1.決議取消しの訴え(831条)の原告適格は、「株主等」(828条2項1号かっこ書)にある(831条1項柱書前段)。Iに本件準共有株式の株主としての原告適格があるか。
 準共有株式について権利行使者の指定・通知(106条本文)がなければ権利行使できないから、特段の事情がない限り、準共有株主に原告適格はない(判例)。特段の事情とは、会社が原告適格を争うことが訴訟上の信義則(民訴法2条)に反する等の事情をいう。

(1)本件準共有株式について、権利行使者の指定・通知はされていない。

(2)甲社は、本件株主総会1でHが本件準共有株式の全部につき議決権を行使することに同意した。本件準共有株式につき権利行使者の指定・通知がないことを前提に、106条ただし書の同意をする趣旨といえる。甲社が、本件訴えにおいて、本件準共有株式につき権利行使者の指定・通知がなく、その全部につきHに権利行使を認めたから、Iについては権利行使を認めないとすることは、本件株主総会1における甲社の取扱いと矛盾しないから、訴訟上の信義則に反するとはいえない。
 もっとも、本件訴えでIの原告適格を否定すると、Iが上記同意の適否、効力等を争う機会が失われる。106条ただし書の同意を争う場合には、権利行使者の指定・通知がないことは紛争主体性を否定する要素ではなく、同意を受けない他の準共有株主は同意を争う紛争主体としてふさわしいといえるから、上記特段の事情がある。

(3)以上から、Iに原告適格がある。
 なお、本件準共有株式についてHIの準共有となった旨の名義書換をした事実はないが、相続は一般承継であり(民法896条本文)、「譲渡」(130条1項)に当たらないから、相続による株式の取得は名義書換なく会社に対抗できる。したがって、上記結論を左右しない。
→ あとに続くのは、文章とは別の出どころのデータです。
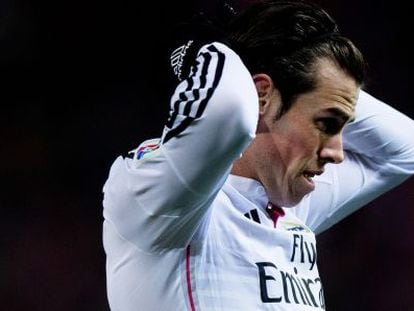 Gareth Bale, ahir a la nit al Calderón, es lamenta per una ocasió fallada.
2.役員選任決議取消しの訴え係属中に選任された役員がすべて任期満了で退任し、その後の総会決議によって役員が新たに選任され、その結果、取消しを求める選任決議に基づく役員がいなくなったときは、特別の事情のない限り、決議取消しの実益が失われるから、訴えの利益を欠くに至る(判例)。特別の事情とは、後行の選任決議の効力の先決問題となる等をいう(事業協同組合理事選挙事件判例参照)。

(1)本件決議1で選任されたBHJは、本件訴え係属中にすべて任期満了で退任し、その後の本件決議2によって新たに再任された。その結果、本件決議1に基づく役員の地位を有する者はいなくなった。
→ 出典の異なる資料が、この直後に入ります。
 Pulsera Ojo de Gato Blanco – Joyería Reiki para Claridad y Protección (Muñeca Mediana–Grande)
(2)決議不存在(830条1項)とは、手続的瑕疵が著しいために、決議が法律上存在するとは認められないことをいう
 一般に、決議取消判決により決議は遡及的に無効となる(839条反対解釈)。社団的・取引的行為が進展する場合でも、取引の安全は354条、908条等によって図れば足りるから、遡及効を肯定すべきである
 本件決議1につき取消判決がされると、同決議によるBHJ選任は当初から効力を失い、(代表)取締役を欠くに至るから、本件決議2までの間、Bは代表取締役権利義務者、CDは取締役権利義務者となる(346条1項、351条1項)。そうすると、本件株主総会2につき、招集決定に係る取締役会決議(298条1項、4項)に取締役でないHJが関与し、招集通知(299条)を代表取締役でないJが発し、議長(315条)を株主でもなく出席資格のないJが務め、Hの議決権行使に対し代表取締役でないJが甲社を代表(349条1項ただし書、4項)して同意した点に違法がある。本件決議2には著しい手続的瑕疵があり、法律上存在するとは認められない。
 そうすると、本件訴えは、後行の本件決議2が不存在か否かの先決問題として取消しの実益があるから、上記特別の事情がある。なお、本件訴えに本件決議2不存在確認の訴えが併合されていないが、決議不存在確認の訴えは形成訴訟ではなく、訴えによらなくても実体法上決議不存在の主張が可能であること、BHJは本件決議2で再任されており、Iが本件決議2の効力を争う意思であることは本件訴えそのものから明らかであることから、併合提起がなくても、上記結論を左右しない。

(3)以上から、訴えの利益がある。

3(1)106条ただし書の同意は、同条本文の適用を排除するにとどまるから、会社が同条ただし書の同意をした場合であっても、権利行使が民法の共有に関する規定に従ったものでないときは、当該権利行使は違法である(判例)。106条ただし書の同意がある場合の準共有株式の議決権の行使は、当該議決権の行使をもって直ちに株式を処分し、又は株式の内容を変更することになるなど特段の事情のない限り、管理行為(民法264条、252条1項前段)として、持分過半数によって決定すべきである(判例)
 本件決議1は取締役選任に係るもので、直ちに株式を処分等するものでないから、持分過半数による。HIは本件準共有株式の権利行使者指定も含めて、何一つ合意することができないでいたから、持分過半数の決定はない。
 したがって、Hの議決権行使は違法であり、本件決議1には決議方法の法令違反(831条1項1号)がある。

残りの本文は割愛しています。